_Problem to work on_
Copy out the lines of the records below, and only those lines, from the one with "Mexen Kioto douchewand" through the one with "FAUSTO Women's Grey", exactly as they appear.

_Task material_
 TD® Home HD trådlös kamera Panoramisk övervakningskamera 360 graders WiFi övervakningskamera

* * *

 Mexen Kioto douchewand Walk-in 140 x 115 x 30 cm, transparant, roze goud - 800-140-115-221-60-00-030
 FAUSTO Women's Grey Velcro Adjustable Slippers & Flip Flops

==

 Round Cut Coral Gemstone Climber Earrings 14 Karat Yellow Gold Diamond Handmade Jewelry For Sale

_Solution to this task_
 Mexen Kioto douchewand Walk-in 140 x 115 x 30 cm, transparant, roze goud - 800-140-115-221-60-00-030
 FAUSTO Women's Grey Velcro Adjustable Slippers & Flip Flops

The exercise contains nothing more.